The New York Times Opinion: Did Facebook Learn Anything From the Cambridge Analytica Debacle?

10.10.2018

Mark Zuckerberg and Facebook announced the biggest data breach in its history. Photo Credit: Marcio Jose Sanchez/Associated Press

Mark Zuckerberg and Facebook announced the biggest data breach in its history. Photo Credit: Marcio Jose Sanchez/Associated Press

It’s been barely six months since Mark Zuckerberg appeared before Congress and promised lawmakers and the American public that he and Facebook, the company he founded and leads today, would do better. “This episode has clearly hurt us,” Mr. Zuckerberg said. “We have to do a lot of work about building trust back.”

The episode he was referring to was the revelation in March that Cambridge Analytica, a political consulting firm connected to the Trump campaign, had harvested the sensitive data of as many as 87 million Facebook users without their explicit permission. That scandal rocked Facebook, sending the company’s stock price spiraling. Mr. Zuckerberg himself lost nearly $11 billion.

Since Mr. Zuckerberg’s testimony, lawmakers have done little to nothing to better regulate technology platforms like Facebook and hold them more accountable for suspect practices. But there’s also little evidence that Facebook, and Mr. Zuckerberg, has taken his pledge to Congress as seriously as once hoped either: Facebook announced late last month the biggest data breach in its history, affecting nearly 50 million user accounts. In the same week, the news site Gizmodo published an investigation that found Facebook gave advertisers contact information harvested from the address books on their users’ cellphones.

Equally worrisome from Gizmodo’s report: Facebook is also giving advertisers phone numbers that users have provided solely for security reasons. Security experts generally advise users to add two-factor authentication to their accounts, which sometimes takes the form of providing a phone number to receive text messages containing log-in codes. It’s ironic — two-factor authentication is supposed to better safeguard privacy and security, but these phone numbers are winding up in the hands of advertisers.

While the Cambridge Analytica scandal engulfed Facebook in a firestorm of controversy, this time the company effectively got a free pass from a nation fixated on Brett Kavanaugh and his turbulent Supreme Court confirmation. Still, with consequential midterms less than a month away, this latest string of Facebook privacy failures is a discouraging reminder of how much potential there is for things to go terribly wrong — again —  during those elections. It’s not just about user privacy, it’s a sign of how well Facebook is poised to handle sophisticated foreign disinformation campaigns, and where its priorities lie.

The seriousness of Facebook’s most recent data breach ranks it among one of the most egregious in the history of Silicon Valley. A weakness in Facebook’s code allowed hackers to gain access into other people’s accounts, and potentially control not only the Facebook profiles but any services that those users logged into using Facebook — Instagram, Spotify and Tinder, for example.

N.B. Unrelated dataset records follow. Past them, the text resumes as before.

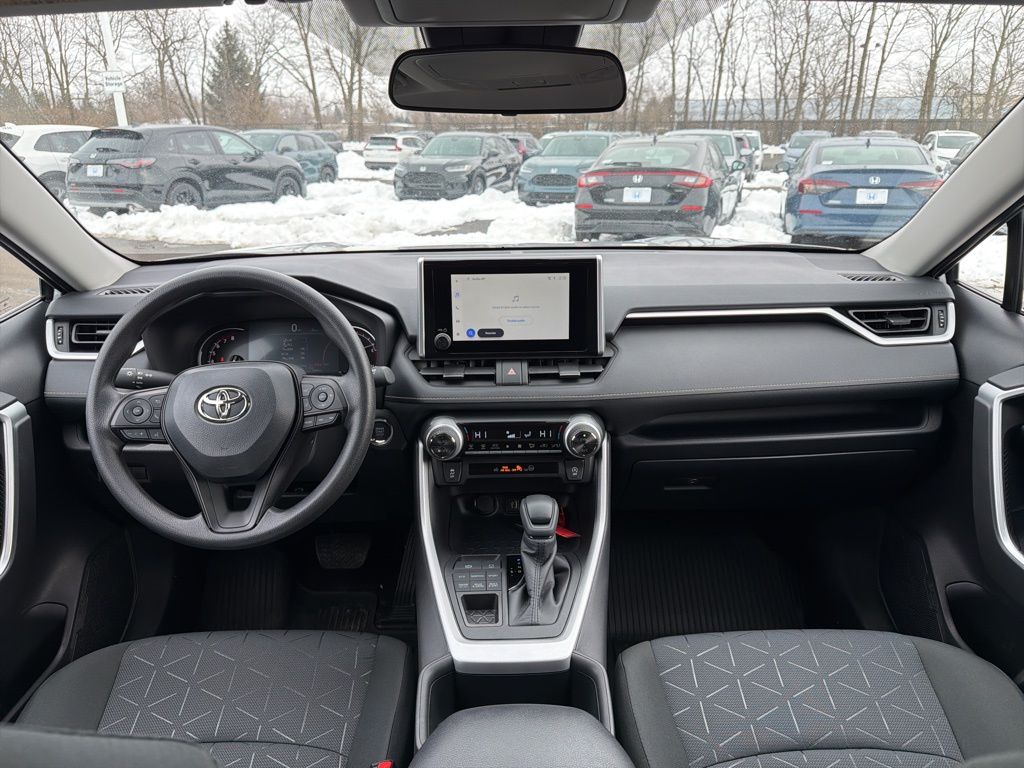 Thumbnail: 2025 Toyota RAV4 - 11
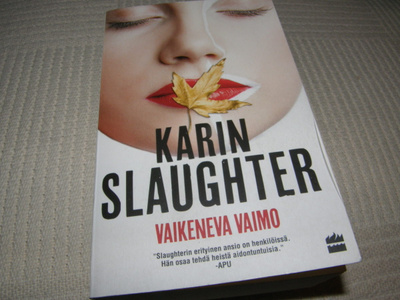 Karin Slaughter Vaikeneva vaimo  -pok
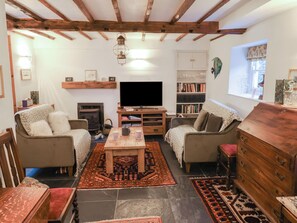 Cottage | Living area - Naunton Cottage (Lyme Regis)
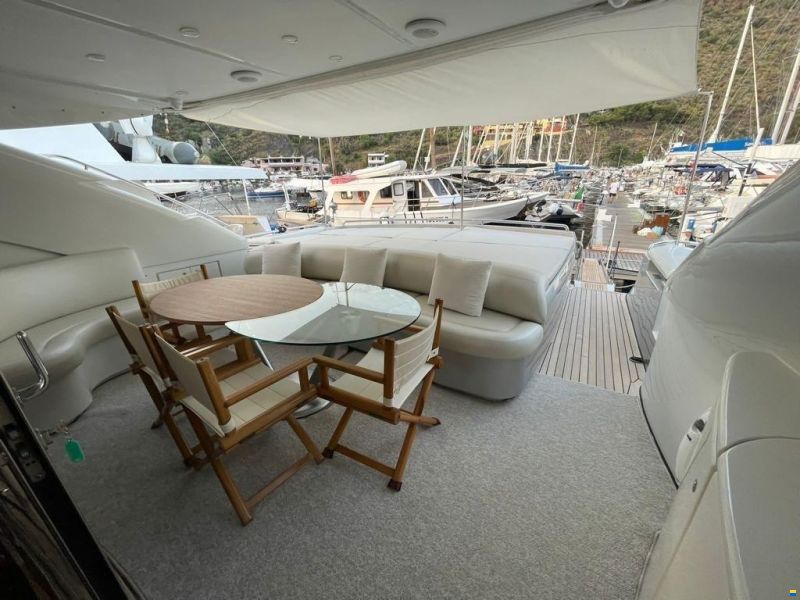Pershing 76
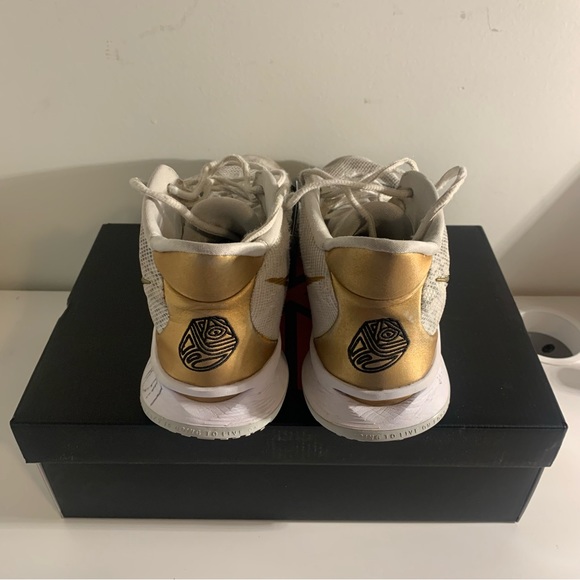 Kyrie 7 White/Metallic Gold-Black Men’s 10 - Picture 4 of 10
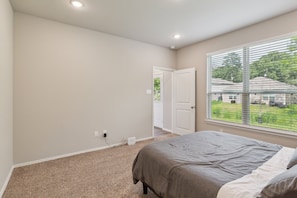4 bedrooms, laptop workspace, iron/ironing board, free WiFi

The breach originated from three bugs in Facebook’s code. At least one was introduced over a year ago; it’s still not clear when the other two became part of the code. Information security is a difficult problem: A company might do the right thing every time and still be successfully attacked. But one of the reasons Facebook’s breach is so concerning is the company’s footprint in the lives of so many people — 2.2 billion and counting. Facebook has sought to find ways into as many aspects of people's lives as possible, becoming the recipient of a glut of data and the implicit trust of its users. The company has been careless with that trust — and is still being careless.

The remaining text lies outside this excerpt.